不動産売却に影響を与える心理的瑕疵とは?告知義務違反のリスクも解説

不動産を売却する場合、築年数や間取りなど、さまざまな条件によって売却価格が決まります。
こうした条件の1つに挙げられるのが、室内外の不具合や劣化などの瑕疵です。
そこで今回は、瑕疵のなかでも注意したい心理的瑕疵とはどのようなものなのか、売却価格に与える影響と告知義務に違反するリスクを解説します。
▼ 不動産売却をしたい方はこちらをクリック ▼
売却査定フォームへ進む
不動産売却前に知りたい心理的瑕疵とは

不動産売却でトラブルを避けるためには、心理的瑕疵とはどのようなものなのかをチェックしておきましょう。
心理的瑕疵とは何を意味する?
心理的瑕疵とは、住む方に不安や恐怖を与えるような不具合を指す言葉です。
心理的瑕疵は、壁の穴や床のへこみと違い、目に見える不具合ではありません。
過去のできごとが原因で心理的抵抗を覚える住宅が、心理的瑕疵のある物件とされています。

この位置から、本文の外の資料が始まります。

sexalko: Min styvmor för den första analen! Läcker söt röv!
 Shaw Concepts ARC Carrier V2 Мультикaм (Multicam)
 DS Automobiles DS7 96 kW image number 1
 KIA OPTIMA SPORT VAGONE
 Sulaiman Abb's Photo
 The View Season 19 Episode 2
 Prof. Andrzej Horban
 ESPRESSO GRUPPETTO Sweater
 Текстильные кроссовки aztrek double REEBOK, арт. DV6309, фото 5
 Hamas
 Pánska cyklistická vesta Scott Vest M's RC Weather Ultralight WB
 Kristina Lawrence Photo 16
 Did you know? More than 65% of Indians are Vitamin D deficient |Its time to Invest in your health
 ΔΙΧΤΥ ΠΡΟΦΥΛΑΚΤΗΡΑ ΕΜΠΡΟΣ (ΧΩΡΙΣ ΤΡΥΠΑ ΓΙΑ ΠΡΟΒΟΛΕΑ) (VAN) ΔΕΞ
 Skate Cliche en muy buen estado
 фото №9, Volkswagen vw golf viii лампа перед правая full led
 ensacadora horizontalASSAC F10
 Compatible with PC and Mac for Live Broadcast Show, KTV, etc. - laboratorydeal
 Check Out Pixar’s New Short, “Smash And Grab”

心理的瑕疵がある不動産の代表的なものが、いわゆる事故物件です。
死亡事故・死亡事件が発生した不動産は、心理的瑕疵がある不動産だと判断され、告知義務が課せられます。
人が亡くなっても事故物件にならないケース
心理的瑕疵とは、単純に人が亡くなったことがある不動産全般を指す言葉ではありません。
過去の事故・事件が理由で、一般的に住みにくいと感じられる不動産などが、心理的瑕疵のある物件の代表例です。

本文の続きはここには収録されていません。